Message ID | alpine.DEB.2.21.1809172305170.13111@digraph.polyomino.org.uk |
---|---|
State | New, archived |
Headers |
Received: (qmail 36888 invoked by alias); 17 Sep 2018 23:07:33 -0000 Mailing-List: contact libc-alpha-help@sourceware.org; run by ezmlm Precedence: bulk List-Id: <libc-alpha.sourceware.org> List-Unsubscribe: <mailto:libc-alpha-unsubscribe-##L=##H@sourceware.org> List-Subscribe: <mailto:libc-alpha-subscribe@sourceware.org> List-Archive: <http://sourceware.org/ml/libc-alpha/> List-Post: <mailto:libc-alpha@sourceware.org> List-Help: <mailto:libc-alpha-help@sourceware.org>, <http://sourceware.org/ml/#faqs> Sender: libc-alpha-owner@sourceware.org Delivered-To: mailing list libc-alpha@sourceware.org Received: (qmail 36522 invoked by uid 89); 17 Sep 2018 23:07:33 -0000 Authentication-Results: sourceware.org; auth=none X-Spam-SWARE-Status: No, score=-24.5 required=5.0 tests=AWL, BAYES_00, GIT_PATCH_0, GIT_PATCH_1, GIT_PATCH_2, GIT_PATCH_3, RCVD_IN_DNSWL_NONE, SPF_PASS autolearn=ham version=3.3.2 spammy=former, availability X-HELO: relay1.mentorg.com Date: Mon, 17 Sep 2018 23:07:26 +0000 From: Joseph Myers <joseph@codesourcery.com> To: <libc-alpha@sourceware.org> Subject: Update list of i686-class processors in sysdeps/x86/cpu-features.h Message-ID: <alpine.DEB.2.21.1809172305170.13111@digraph.polyomino.org.uk> User-Agent: Alpine 2.21 (DEB 202 2017-01-01) MIME-Version: 1.0 Content-Type: text/plain; charset="US-ASCII" |
Commit Message
Joseph Myers
Sept. 17, 2018, 11:07 p.m.

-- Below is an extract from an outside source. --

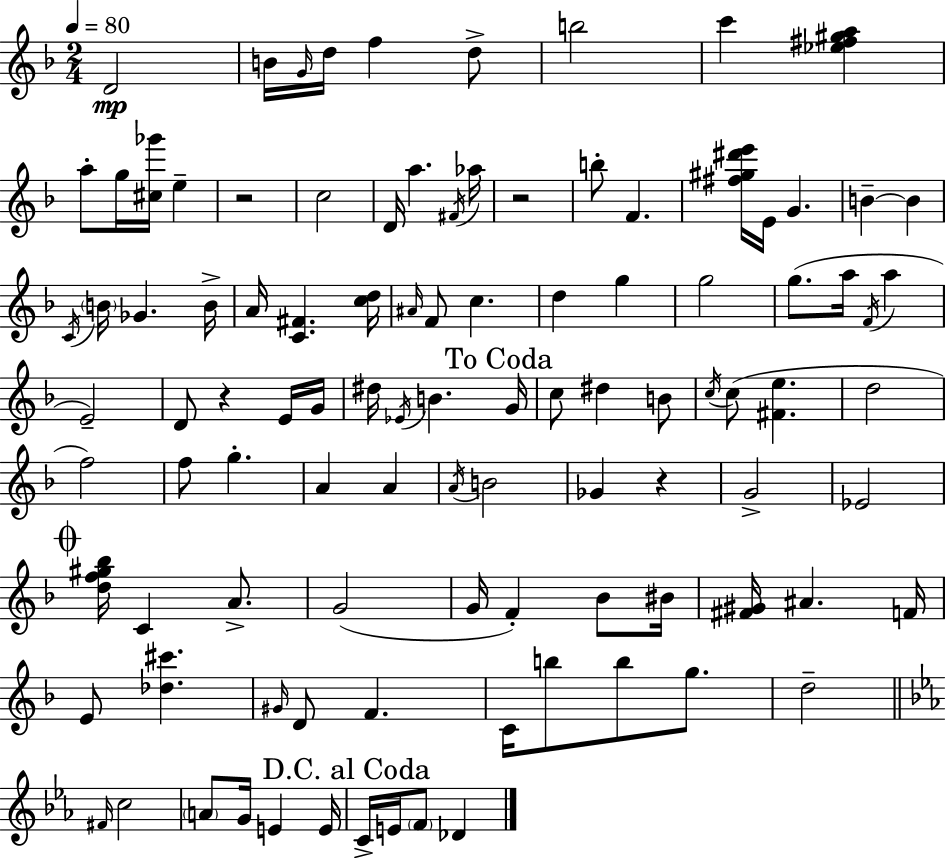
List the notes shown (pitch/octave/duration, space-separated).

UTC
I noticed that sysdeps/x86/cpu-features.h had conditionals on whether to define HAS_CPUID, HAS_I586 and HAS_I686 with a long list of preprocessor macros for i686-and-later processors which however was out of date. This patch adds more such macros based on the list in current GCC. It seems HAS_I586 and HAS_I686 are unused so the only effect of these macros being missing is that 32-bit glibc built for one of these processors would end up doing runtime detection of CPUID availability. Tested for x86. Question: would it be better to implement this conditional in a negative sense (!defined __i486__ && !defined __i586__ && !defined __geode__, based on what macros are in the fixed conditional, but maybe using __k6__ instead of __geode__ based on GCC's understanding of the options in question) to reduce the chances of it needing updating in future? (__i586__ is actually handled above.) Question: is the inclusion of __k6__ in the present conditional logically incorrect, and the omission of __geode__ logically incorrect, as regards whether to define HAVE_I686? The way GCC defines -march=k6 and -march=geode, it seems to think that the former excludes CMOV and the latter includes it. (-march=geode is specifically "AMD Geode embedded processor with MMX and 3DNow!@: instruction set support.".) 2018-09-17 Joseph Myers <joseph@codesourcery.com> * sysdeps/x86/cpu-features.h [__goldmont__ || __goldmont_plus__ || __tremont__ || __knm__ || __skylake__ || __skylake_avx512__ || __cannonlake__ || __icelake_client__ || __icelake_server__ || __znver1__]: Also count as i686 processors.
Comments
* Joseph Myers: > Question: would it be better to implement this conditional in a > negative sense (!defined __i486__ && !defined __i586__ && !defined > __geode__, based on what macros are in the fixed conditional, but > maybe using __k6__ instead of __geode__ based on GCC's understanding > of the options in question) to reduce the chances of it needing > updating in future? (__i586__ is actually handled above.) I think the GCC developers expect that we use the individual feature test macros (__SSE2__ etc.). The model-based macros are useless because CPU features are increasingly non-monotonic, and it does not make sense to replicate GCC's view of the Intel and AMD roadmaps in glibc. > Question: is the inclusion of __k6__ in the present conditional > logically incorrect, and the omission of __geode__ logically > incorrect, as regards whether to define HAVE_I686? The way GCC > defines -march=k6 and -march=geode, it seems to think that the former > excludes CMOV and the latter includes it. (-march=geode is > specifically "AMD Geode embedded processor with MMX and 3DNow!@: > instruction set support.".) Geode lacks support for long NOPs, but our i686 port requires them.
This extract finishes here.